The National Trust was founded in 1895 and still embraces that tradition of accessible, rural tourism. Many of its stately estates have tearooms, and they collectively serve visitors more than three million scones a year, according to the trust.

“There’s something delightfully indulgent about piling on jam and cream, after a bracing walk or a delve into the historical treasures in our care,” said Clive Goudercourt, the National Trust’s head recipe development chef. It’s such a quick and simple treat that is relatively inexpensive and is therefore something everyone can enjoy.”

Ms. Merker said her favorite part of writing her blog, National Trust Scones, was that it gave her an excuse to visit beautiful places and drive along winding country roads. Many of her wry observations about history, and the people she met at National Trust properties, were pretty funny.

At Melford Hall in Southeast England, she reflected on how National Trust guides interact with the public. At one extreme were those who sat in the dark without speaking (“And none of the visitors ask them anything, because we’re British,” she wrote). At the other were guides who talked breathlessly out of fear that an “Expert Visitor” would interrupt:

“We’ve all seen them — the architectural expert or professional historian that knows more than the guide and spends the whole time tutting and saying, ‘Well, that’s not EXACTLY right — the horse that threw him in 1532 was actually called Archibald, because his other horse, Geoffrey, was lame that day,’ until everybody just wants to shove Expert Visitor out of a top floor window.”

Ms. Kay, the food historian, described the custom of eating scones and taking afternoon tea as a “culinary religion to many across Britain.”

Like other religions, it has theological disputes. One relates to pronunciation: skon or skohn? Another concerns whether it is acceptable to serve fruit scones at a cream tea, or only plain ones.

But for many, the most contentious question is which indispensable scone topping — jam or clotted cream — should be applied first.

“It rages,” Ms. Merker said of that debate with a laugh. “People are really very firm about which way they eat their scone. It’s kind of mad, in a way, because at the end of the day, it tastes the same whether you put cream or jam first. But it matters.”

The jam-first position is generally associated with Cornwall and the cream-first one with Devon, a neighboring region of Southwest England where the clotted cream tends to be easier to spread as a base layer. “We definitely don’t have a position” on the debate, said Claire Beale, a public relations officer for the National Trust.

But the trust has occasionally weighed in — with brutal repercussions.
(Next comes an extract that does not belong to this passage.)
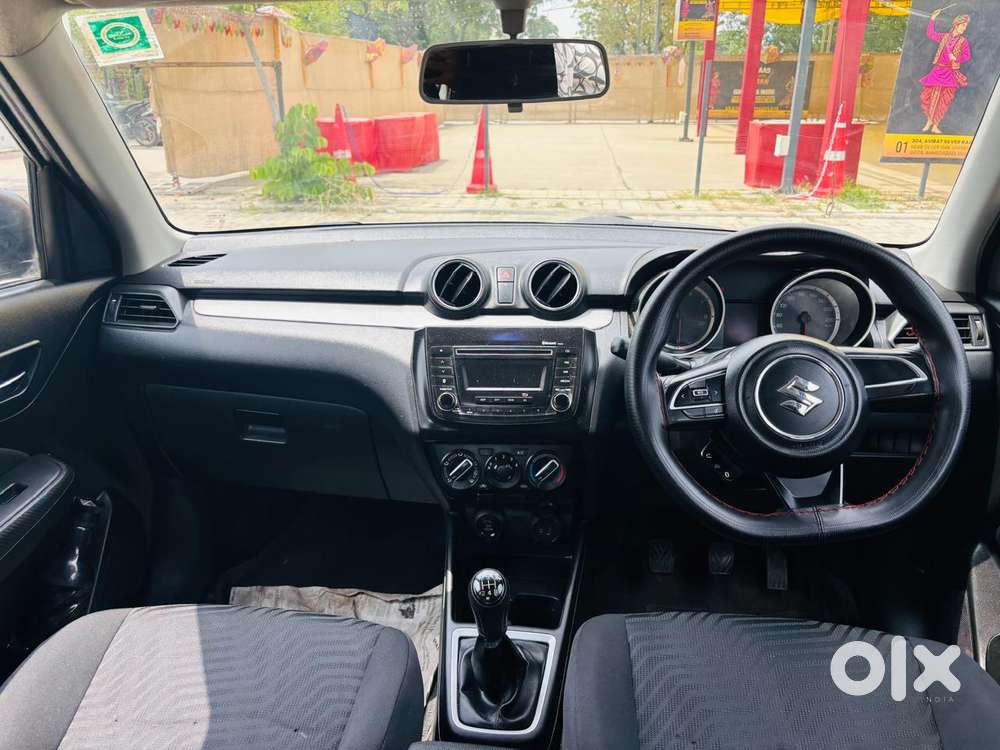 Maruti Suzuki Swift 1.2 Vxi (o), 2020, Petrol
In 2018, one of its Cornwall properties apologized for the “appalling error” of posting an image of a cream-first scone. And the trust’s communications director, Celia Richardson, apologized last year for a similar faux pas.

“What sort of fool decides to end a fractious month at the National Trust by posting a picture of a cream tea?” Ms. Richardson wrote on Twitter. “According to my timeline I now need to apologize to Cornwall and possibly half of Great Britain.”

For Ms. Merker’s part, she said that because the jam-first-cream-first debate is so sensitive, she spent her decade blogging about scones without ever saying how she preferred them. She dodged the question in one post, and posted pictures of “undressed” scones in others, so that she would not alienate the faithful on either side.

This month, though, Ms. Merker revealed to journalists that she had always been jam-first — for practical reasons. Because the Cornish clotted cream that she normally eats tends to be gloopy, she said, applying it first would create a “right mess.”

Her husband, who worked in construction, agreed, of course.

“He was a builder,” she said of her Scone Sidekick. “He definitely wasn’t going to do anything that was going to make a mess.”

Ms. Merker chose her final stop, Giant’s Causeway in Northern Ireland, with her husband in mind. The couple had visited the site together in 2006, long before the scone quest officially began. “So although I knew he couldn’t be physically present for this last mission,” she wrote last week, “I knew he’d been there and seen it and loved it.”

The scone, she wrote, was so good that she went back the next day for another.